Putting aside the basic error that he isn’t democratically elected to run the council – he’s democratically elected to represent a ward in Kirklees, only areas with an elected Mayor have a direct say over who they appoint as top political dog – there is quite a lot to feel uncomfortable about in Cllr Khan’s insistence that he has sight of FOI responses.
He argues that his involvement ensures that responses are ‘helpful and accurate.’ The examples of his meddling highlighted by the Examiner – I’m not sure whether they obtained the emails between the FOI officer and Cllr Khan using FOI – suggest that the opposite is the result.
In the first example revealed by the Examiner, reporter Katie Grant asked for details of how much council tax went unpaid in each year from 1993. The FOI officer produced the figures, and it was sent to Cllr Khan.
The paper reports:
But Clr Khan replied: “This is not going out. Who prepared the response?”
Instead, the Examiner received only the figures for the current financial year – which hasn’t even ended yet. In defending that decision, Cllr Khan said:
“I felt that the figures were less clear when they covered several years all the way back to 1993 and masked the real facts which was about how much as a council we had outstanding and how much we had collected in council tax in 2009/10. I think the picture given in the response was a clear one about the current situation.”
The basic principle of FOI is our ‘Right To Know.’ It isn’t a ‘Right To Know if the information if the council leader decides that the information is correct’ or ‘a Right To Know information which is clear about a current situation.’ The council clearly held the information requested – it should therefore have released it.
Remember the quaint notion of ‘applicant blind’ – where all FOI requests are supposed to be treated equally? Cllr Khan doesn’t appear to believe in that either.
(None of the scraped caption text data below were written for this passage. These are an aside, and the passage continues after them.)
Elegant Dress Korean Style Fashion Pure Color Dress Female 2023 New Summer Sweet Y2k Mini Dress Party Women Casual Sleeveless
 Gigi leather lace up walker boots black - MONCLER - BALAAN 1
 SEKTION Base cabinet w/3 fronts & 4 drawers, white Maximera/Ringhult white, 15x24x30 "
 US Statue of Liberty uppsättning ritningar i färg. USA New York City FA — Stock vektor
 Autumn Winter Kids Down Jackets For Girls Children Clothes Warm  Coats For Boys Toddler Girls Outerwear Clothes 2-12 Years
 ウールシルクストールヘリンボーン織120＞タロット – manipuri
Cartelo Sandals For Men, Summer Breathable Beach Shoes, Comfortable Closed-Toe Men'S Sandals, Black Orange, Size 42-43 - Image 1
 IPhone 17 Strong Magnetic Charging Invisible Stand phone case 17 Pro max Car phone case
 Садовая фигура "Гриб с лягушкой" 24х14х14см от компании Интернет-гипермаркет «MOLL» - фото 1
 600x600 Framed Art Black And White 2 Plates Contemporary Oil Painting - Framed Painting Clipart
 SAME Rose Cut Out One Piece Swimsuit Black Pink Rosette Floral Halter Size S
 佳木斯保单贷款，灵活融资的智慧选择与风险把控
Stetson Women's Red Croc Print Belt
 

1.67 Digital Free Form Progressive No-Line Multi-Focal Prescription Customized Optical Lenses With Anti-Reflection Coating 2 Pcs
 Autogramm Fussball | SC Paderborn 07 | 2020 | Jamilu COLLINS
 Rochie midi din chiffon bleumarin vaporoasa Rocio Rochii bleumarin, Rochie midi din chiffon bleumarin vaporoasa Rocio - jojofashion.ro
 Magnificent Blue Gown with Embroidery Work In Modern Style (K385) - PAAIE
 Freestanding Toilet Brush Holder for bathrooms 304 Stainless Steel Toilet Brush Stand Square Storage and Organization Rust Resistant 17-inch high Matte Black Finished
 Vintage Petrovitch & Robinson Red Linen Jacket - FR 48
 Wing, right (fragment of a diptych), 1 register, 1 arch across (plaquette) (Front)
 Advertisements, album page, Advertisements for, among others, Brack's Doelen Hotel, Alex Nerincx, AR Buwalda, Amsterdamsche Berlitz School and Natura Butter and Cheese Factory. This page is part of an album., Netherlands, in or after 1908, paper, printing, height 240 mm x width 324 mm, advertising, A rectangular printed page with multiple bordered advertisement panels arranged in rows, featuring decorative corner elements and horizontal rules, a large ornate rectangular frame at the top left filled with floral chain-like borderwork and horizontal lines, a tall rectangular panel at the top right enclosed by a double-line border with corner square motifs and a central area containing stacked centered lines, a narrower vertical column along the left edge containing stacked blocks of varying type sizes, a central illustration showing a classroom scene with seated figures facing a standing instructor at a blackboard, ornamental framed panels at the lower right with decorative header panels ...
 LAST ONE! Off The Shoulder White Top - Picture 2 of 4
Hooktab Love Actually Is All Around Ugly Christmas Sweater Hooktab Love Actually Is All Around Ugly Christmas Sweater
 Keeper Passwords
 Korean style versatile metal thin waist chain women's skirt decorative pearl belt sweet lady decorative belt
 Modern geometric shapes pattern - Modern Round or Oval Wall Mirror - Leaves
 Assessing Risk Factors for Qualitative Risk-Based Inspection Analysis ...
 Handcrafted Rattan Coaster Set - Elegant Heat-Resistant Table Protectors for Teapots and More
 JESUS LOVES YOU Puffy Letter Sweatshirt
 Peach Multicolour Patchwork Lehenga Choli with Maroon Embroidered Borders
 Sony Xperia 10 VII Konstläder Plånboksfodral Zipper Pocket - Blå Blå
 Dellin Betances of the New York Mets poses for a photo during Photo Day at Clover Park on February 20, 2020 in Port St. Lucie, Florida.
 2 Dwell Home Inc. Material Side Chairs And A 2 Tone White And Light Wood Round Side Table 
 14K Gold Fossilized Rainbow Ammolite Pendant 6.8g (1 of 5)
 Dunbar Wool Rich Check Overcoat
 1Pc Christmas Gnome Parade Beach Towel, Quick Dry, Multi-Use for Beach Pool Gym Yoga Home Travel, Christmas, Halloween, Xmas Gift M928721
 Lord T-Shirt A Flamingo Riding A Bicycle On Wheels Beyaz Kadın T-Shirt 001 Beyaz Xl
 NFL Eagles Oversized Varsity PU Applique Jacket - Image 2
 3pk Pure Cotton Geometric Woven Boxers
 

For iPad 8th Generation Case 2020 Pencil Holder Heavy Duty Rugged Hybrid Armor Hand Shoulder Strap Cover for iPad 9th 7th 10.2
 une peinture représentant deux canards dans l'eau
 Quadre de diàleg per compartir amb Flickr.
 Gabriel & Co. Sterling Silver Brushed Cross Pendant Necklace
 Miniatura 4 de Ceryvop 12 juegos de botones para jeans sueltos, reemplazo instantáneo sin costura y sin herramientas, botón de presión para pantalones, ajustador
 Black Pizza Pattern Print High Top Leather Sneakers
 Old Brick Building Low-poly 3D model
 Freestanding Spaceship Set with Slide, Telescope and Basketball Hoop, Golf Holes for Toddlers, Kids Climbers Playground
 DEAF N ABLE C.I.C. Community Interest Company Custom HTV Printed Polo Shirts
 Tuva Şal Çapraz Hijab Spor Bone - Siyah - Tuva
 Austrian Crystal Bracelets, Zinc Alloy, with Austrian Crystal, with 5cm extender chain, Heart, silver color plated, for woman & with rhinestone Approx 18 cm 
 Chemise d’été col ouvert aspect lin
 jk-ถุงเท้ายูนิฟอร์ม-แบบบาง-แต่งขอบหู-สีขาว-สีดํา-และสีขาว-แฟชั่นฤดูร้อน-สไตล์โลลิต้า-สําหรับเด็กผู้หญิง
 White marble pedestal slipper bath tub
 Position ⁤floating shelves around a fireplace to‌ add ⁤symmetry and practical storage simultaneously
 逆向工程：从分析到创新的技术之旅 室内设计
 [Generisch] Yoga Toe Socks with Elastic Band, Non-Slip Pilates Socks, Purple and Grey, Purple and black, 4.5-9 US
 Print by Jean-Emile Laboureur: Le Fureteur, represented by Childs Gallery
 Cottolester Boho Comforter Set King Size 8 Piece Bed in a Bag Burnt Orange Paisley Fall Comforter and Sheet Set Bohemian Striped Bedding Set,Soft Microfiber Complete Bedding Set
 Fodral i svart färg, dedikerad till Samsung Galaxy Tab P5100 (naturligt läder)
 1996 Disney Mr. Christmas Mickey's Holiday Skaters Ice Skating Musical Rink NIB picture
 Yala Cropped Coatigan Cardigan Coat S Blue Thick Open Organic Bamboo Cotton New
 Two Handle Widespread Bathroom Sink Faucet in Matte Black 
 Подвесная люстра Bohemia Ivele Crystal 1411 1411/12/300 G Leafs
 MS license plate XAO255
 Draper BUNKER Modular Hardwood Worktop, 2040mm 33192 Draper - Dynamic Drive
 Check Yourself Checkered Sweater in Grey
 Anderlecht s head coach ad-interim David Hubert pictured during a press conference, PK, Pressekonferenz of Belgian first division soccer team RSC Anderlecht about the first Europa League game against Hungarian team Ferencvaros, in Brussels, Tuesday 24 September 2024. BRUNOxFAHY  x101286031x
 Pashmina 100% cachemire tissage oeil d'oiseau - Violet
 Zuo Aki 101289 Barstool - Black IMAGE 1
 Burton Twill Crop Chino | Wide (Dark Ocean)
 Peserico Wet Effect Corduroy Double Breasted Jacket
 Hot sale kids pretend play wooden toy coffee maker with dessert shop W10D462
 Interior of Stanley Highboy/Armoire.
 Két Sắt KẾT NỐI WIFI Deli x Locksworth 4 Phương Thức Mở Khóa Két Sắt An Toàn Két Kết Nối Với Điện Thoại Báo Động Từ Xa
When a request was submitted about the cost of Christmas activities, the FOI officer again produced a figure, which Cllr Khan blocked. He argued:
Clr Khan told the information officer: “The council doesn’t specifically celebrate Christmas – the council promotes the town and village centres.”
Clr Khan also asked whether or not the request had come from “someone local” and whether or not they had chased their request up.
The information officer told him who the request was from and that the response was overdue but it had not been chased, adding: “We do not have an exemption that would justify us in withholding the information.”
Clr Khan then replied: “The response is incorrect and should not be released.”
Whether the information came from someone local is neither here nor there. If a council officer, diligently doing their job, can produce a figure for spending around Christmas, who is the council leader to block it? And why would he seek to?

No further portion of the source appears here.